# x86_64 , linux-2.6.20-xen-r4 , Xen  fail building

## zavaxxx

I am following this xen guide:

http://gentoo-wiki.com/HOWTO_Xen_and_Gentoo

When I arrive at the point where i have to build the  Domain U Kernel Configuration, i deselect 

[ ] Privileged Guest (domain 0)

< > Backend driver support

but i get:

arch/x86_64/kernel/built-in.o: In function `intel_bugs':

early-quirks.c :Sad: .text+0xcfa4): undefined reference to `quirk_intel_irqbalance'

make: *** [.tmp_vmlinux1] Error 1

How/what can I do? 

I'd like also to know if I have to use the gentoo xen sources or if i can use the latest vanilla kernel and then apply "the" xen patch. 

Does a xen patch exist?

Thanks in advance and sorry for my bad english

----------

## bushvin

I had the exact same problem.

I solved it by removing SMP from my Guest kernel...

Check out this thread.

----------

## feiticeir0

Thxxxxx   :Very Happy: 

I had the same problem and it work !!!

Cheers

----------

## zavaxxx

yes thanks for the the tip, it works, but now i am in trouble again; I am following the guide linked in the first post, I am in

pwd

/usr/src/linux-2.6.20-xen-r6

and when I have to type the following command:

make world

I get the following error:

scripts/kconfig/conf -s arch/x86_64/Kconfig

***

*** You have not yet configured your kernel!

***

*** Please run some configurator (e.g. "make oldconfig" or

*** "make menuconfig" or "make xconfig").

***

make[2]: *** [silentoldconfig] Error 1

make[1]: *** [silentoldconfig] Error 2

make: *** No rule to make target `world'.  Stop.

if I go in:

pwd

/usr/src/linux-2.6.20-xen-r6/_dom0

I get:

make -C /usr/src/linux-2.6.20-xen-r6 O=/usr/src/linux-2.6.20-xen-r6/_dom0 world

make[2]: *** No rule to make target `world'.  Stop.

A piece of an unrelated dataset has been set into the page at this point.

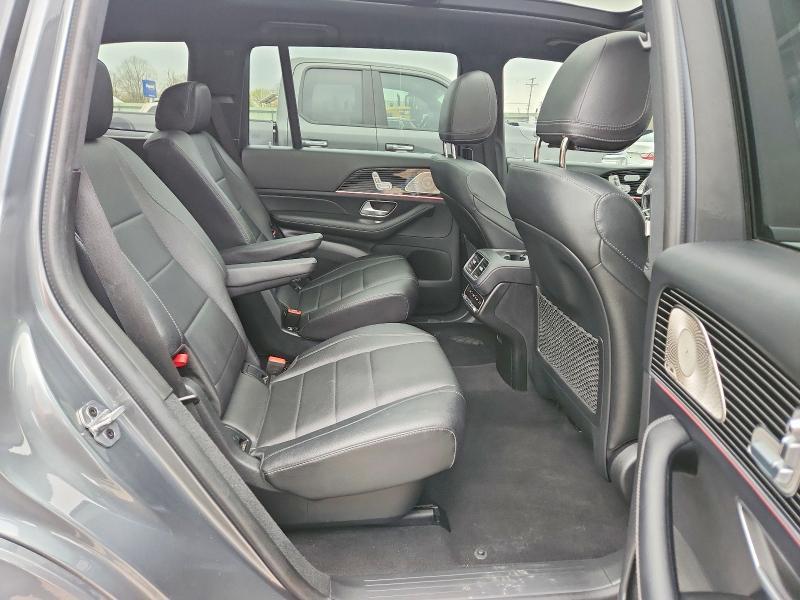 2024 Mercedes-Benz Gls 450 4matic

make[1]: *** [world] Error 2

make: *** [world] Error 2

What's wrong?

Thanks in advance.

----------

## drescherjm

 *Quote:*   

> make world 

 

Why are you trying to make world?

You need just make

[EDIT]Oh. I now see that on the page. I did not do that for my xen setup. Just makeU [/EDIT]

Do you have a .config file in _dom0?

----------

## zavaxxx

hi, thanks for replying.

Yes I have the .config both in _dom0 and _domU

Can you explain how I can continue from the point where i am arrived?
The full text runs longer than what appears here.